Start of Block
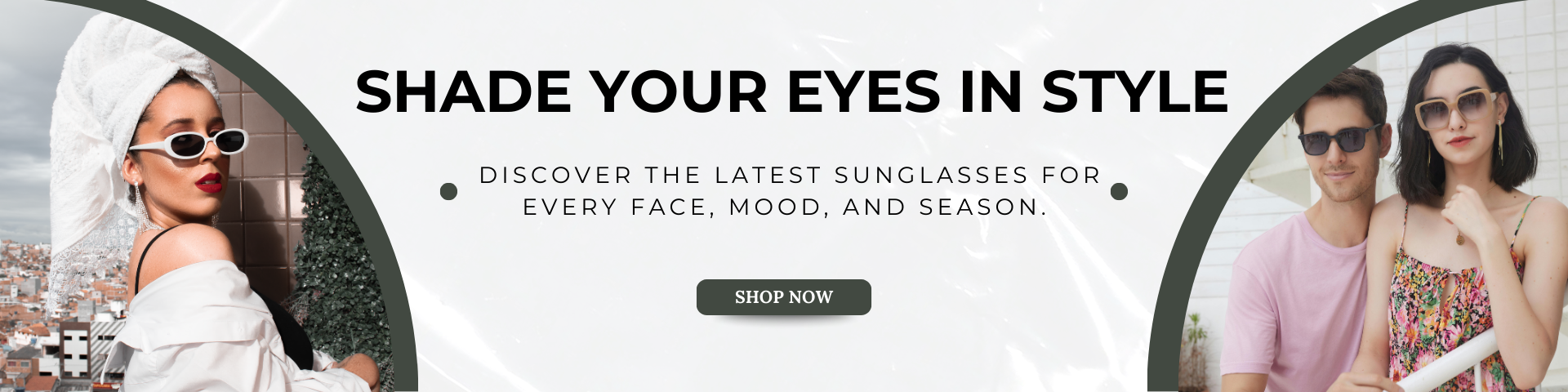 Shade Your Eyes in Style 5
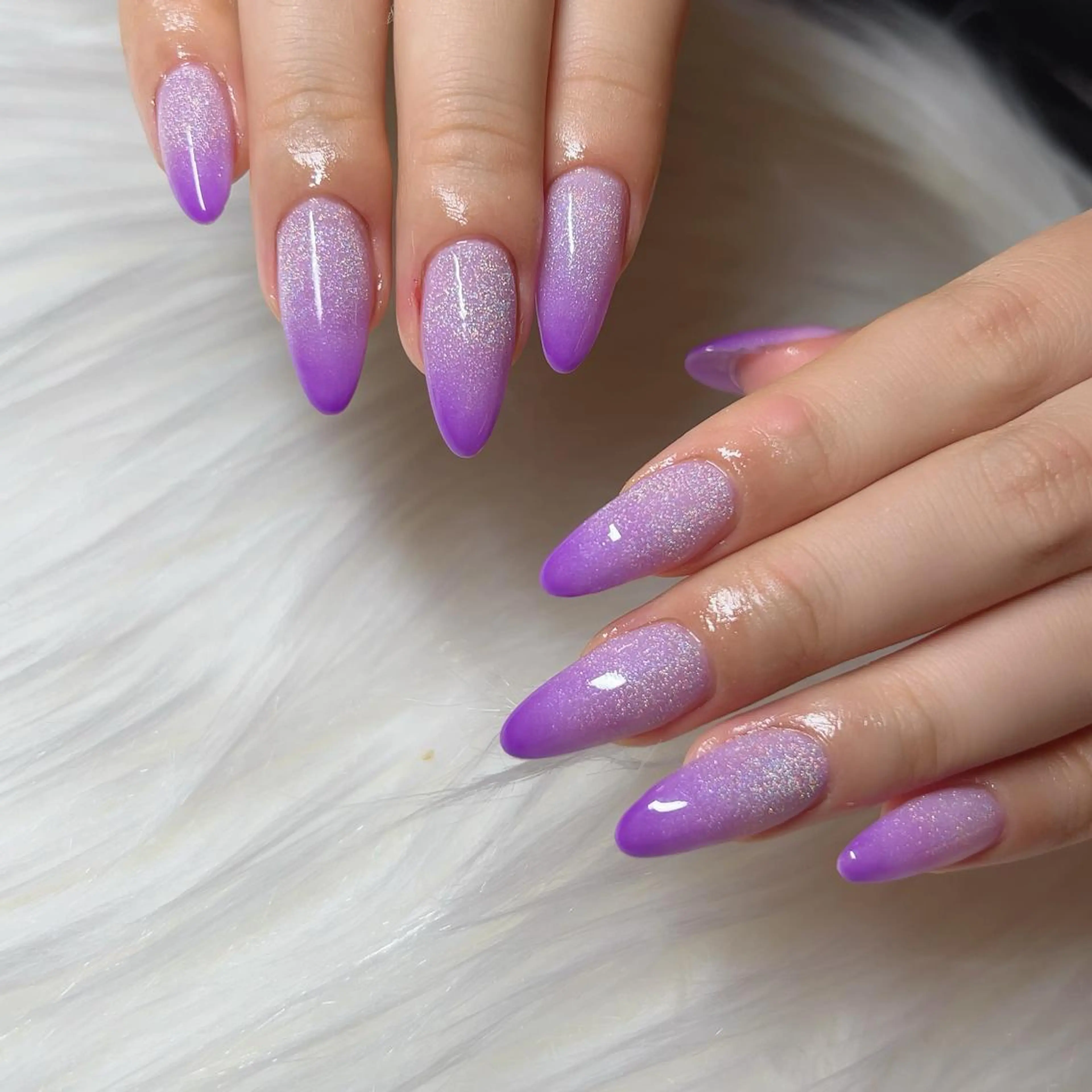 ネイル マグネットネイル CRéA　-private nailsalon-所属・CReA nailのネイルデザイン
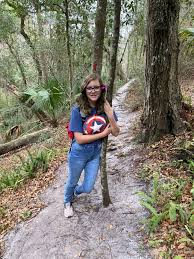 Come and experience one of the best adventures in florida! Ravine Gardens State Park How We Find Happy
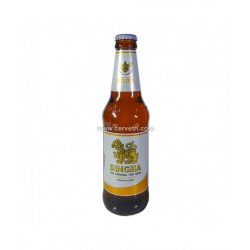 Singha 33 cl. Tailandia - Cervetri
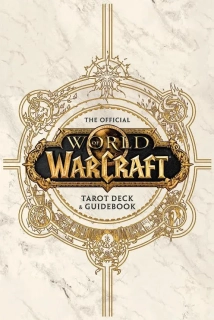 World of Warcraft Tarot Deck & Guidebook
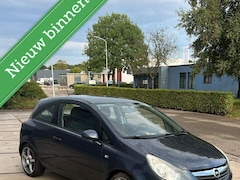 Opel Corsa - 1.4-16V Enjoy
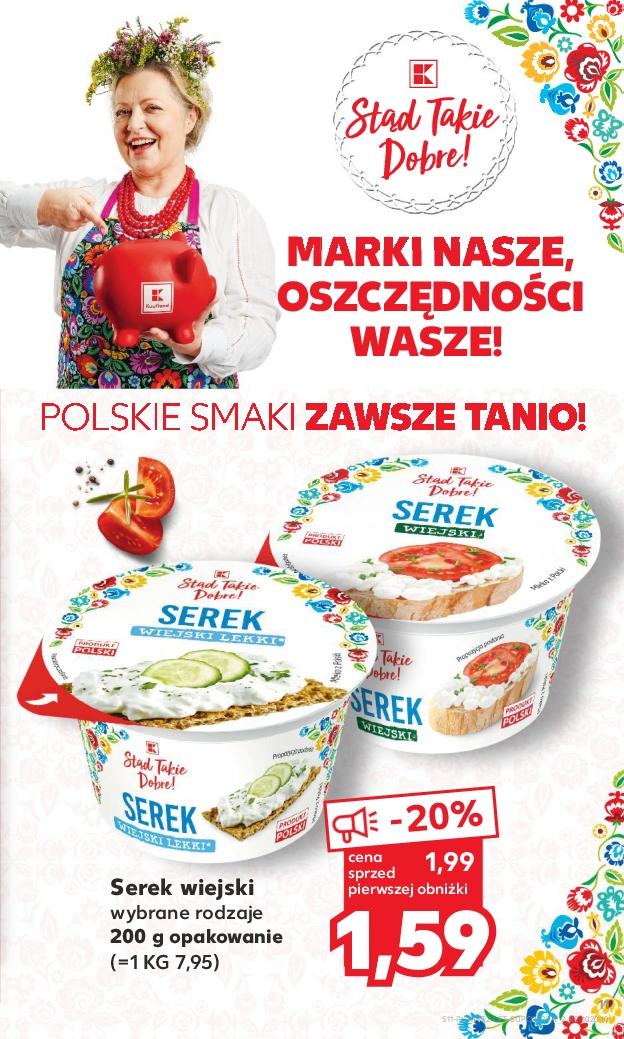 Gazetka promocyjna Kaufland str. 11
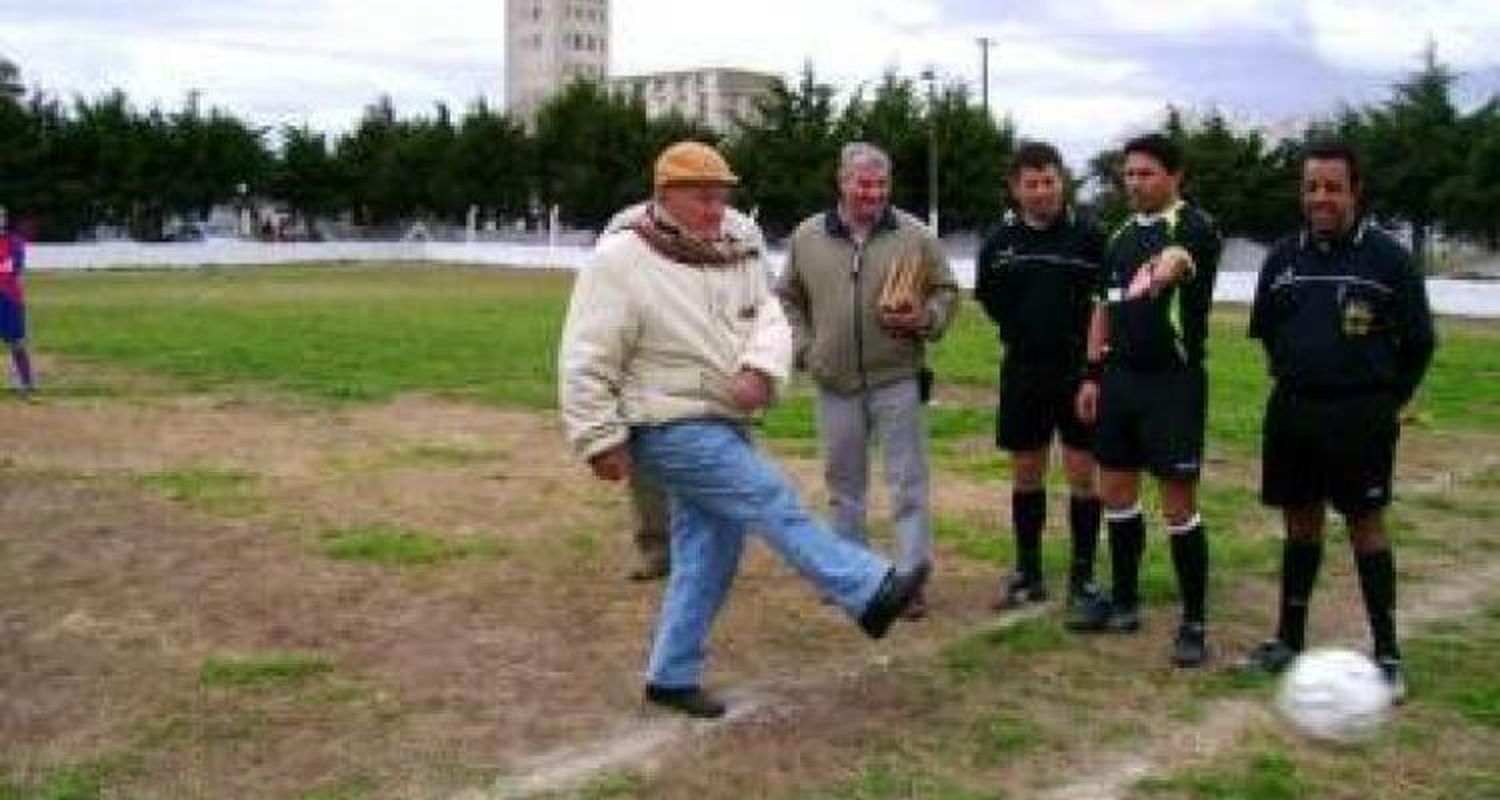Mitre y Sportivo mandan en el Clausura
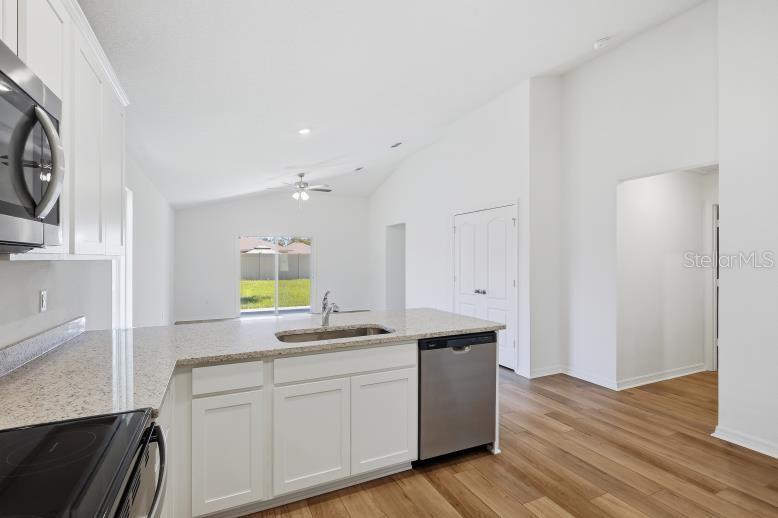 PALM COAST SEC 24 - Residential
End of Block
TASK STATEMENT
Return each of the lines exactly as they appear above, with no images.

EXERCISE OUTPUT
 Shade Your Eyes in Style 5
 ネイル マグネットネイル CRéA　-private nailsalon-所属・CReA nailのネイルデザイン
 Come and experience one of the best adventures in florida! Ravine Gardens State Park How We Find Happy
 Singha 33 cl. Tailandia - Cervetri
 World of Warcraft Tarot Deck & Guidebook
 Opel Corsa - 1.4-16V Enjoy
 Gazetka promocyjna Kaufland str. 11
Mitre y Sportivo mandan en el Clausura
 PALM COAST SEC 24 - Residential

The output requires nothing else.